The embodiments of the present invention uses face detection and tracking technology together with human body detection technology across video frames to segment people's presentation in the video. Figure 4 illustrates hybrid person tracking technology which combines human body detection and face tracking to extract person's presentation across the video frames. A video segment that contains a continuous presentation of a certain person is called a person segment. In the same video, different person segments can have overlapping as two or more people present in the same video frames at the same time. In Figure 4, a reference number 400 indicates the person presentation in video, i.e. in frames 2014— 10050. Person extraction from these video frames takes advantage of face tracking and human body detection technologies. The same person can be confirmed based on the hybrid person tracking (that combines human body tracking and face tracking) from the frame that the person at first appears in the video to the frame that the person disappears from the video. This kind of a frame segment is called "person segment". For each person segment, several categories of feature vectors are extracted to represent the person's features, for example face feature vectors, gait feature vectors, voice feature vectors and hand/body gesture feature vectors, etc.

The first category of feature vectors is facial feature vectors (FFV1, FFV2, FFV3, ...). In a person segment, the face detection and tracking is used to locate person's face in each frame. Once a face can be located, face's posture is estimated. Based on different facial postures, corresponding face feature vectors can be extracted for the face.

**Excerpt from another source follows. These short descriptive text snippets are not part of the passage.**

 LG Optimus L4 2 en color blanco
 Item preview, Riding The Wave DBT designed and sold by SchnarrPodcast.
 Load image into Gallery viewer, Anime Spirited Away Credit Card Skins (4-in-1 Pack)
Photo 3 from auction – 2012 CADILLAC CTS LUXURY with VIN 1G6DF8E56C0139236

The second category of feature vectors is gait feature vectors (GFV1, GFV2, GFV3, ...). In a person segment, full human body detection and tracking methods are used to find which continuous frames in the segment include the full body of the person. After this, the silhouette of the person's body is segmented from each frame in which the full body of the person is detected. In order to build a gait feature vector for the person, each silhouette of the person is normalized and these normalized silhouettes are then combined together to get a feature vector description map for the person from the continuous frames in the person's segment. Figure 5 illustrates full human body detection from video frames 510. A gait description map 520 is created based on this full human body detection. The gait description map 520 is used to extract the corresponding gait feature vector 530 to present the person's gait while s/he walks across the video frames.

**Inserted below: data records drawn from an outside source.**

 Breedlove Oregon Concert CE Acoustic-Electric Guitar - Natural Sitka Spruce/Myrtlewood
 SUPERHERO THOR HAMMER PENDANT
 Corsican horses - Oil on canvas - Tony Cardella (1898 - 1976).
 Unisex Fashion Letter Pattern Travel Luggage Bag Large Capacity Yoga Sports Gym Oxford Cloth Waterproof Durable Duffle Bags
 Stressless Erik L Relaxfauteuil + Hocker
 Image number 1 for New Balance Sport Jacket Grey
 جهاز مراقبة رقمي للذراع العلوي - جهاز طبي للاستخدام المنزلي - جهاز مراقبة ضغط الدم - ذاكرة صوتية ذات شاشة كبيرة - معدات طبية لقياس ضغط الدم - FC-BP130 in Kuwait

The third category of feature vectors can be voice feature vectors (VFV1, VFV2, VFV3, ...). In a person segment, an upper-part human body detection and face tracking methods are used to find which continuous frames in the segment include the person's close-up. If the person is speaking during this period, his/her voice will be extracted to build voice feature vector. The frame period having the close-up is selected in order to efficiently avoid background noise to be regarded as the person's voice by mistake.

A people identification model pool being utilized by the embodiments, may be located at a server (for example in a cloud). It is appreciated that a small scale people identification pool may also be located on an apparatus. In the people identification model pool, a person is represented with the corresponding feature vector set (i.e. feature model) PM(i)={{FFVl ...nl}{GFVl ...n2}{VFVl ...n3}}(i=l, 2, ...n) where nl, n2, n3 are the number of feature vectors representing the person's face, gait and voice respectively, PM means person model and n refers to the number of people being registered in the identification model pool. In the feature vector set, other features, e.g. gestures, could also be included, but they are ignored in this description for simplicity.

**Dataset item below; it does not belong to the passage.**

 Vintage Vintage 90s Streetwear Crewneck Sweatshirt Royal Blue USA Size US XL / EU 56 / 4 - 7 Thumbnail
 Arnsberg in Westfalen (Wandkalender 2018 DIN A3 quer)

If a person's feature vector set {{ffvl ...tl}{gfvl ...t2}{vffl ...t3}} can be obtained from a person segment being extracted from a video, the vector set can be then set into the identification model pool for creating a new person model PM(n+l)={{FFVl ...nl}{GFVl ...n2}{VFVl ...n3}} in the identification model pool for the person if the person does not have registration there. The pool will then have n+1 people registered in the model pool.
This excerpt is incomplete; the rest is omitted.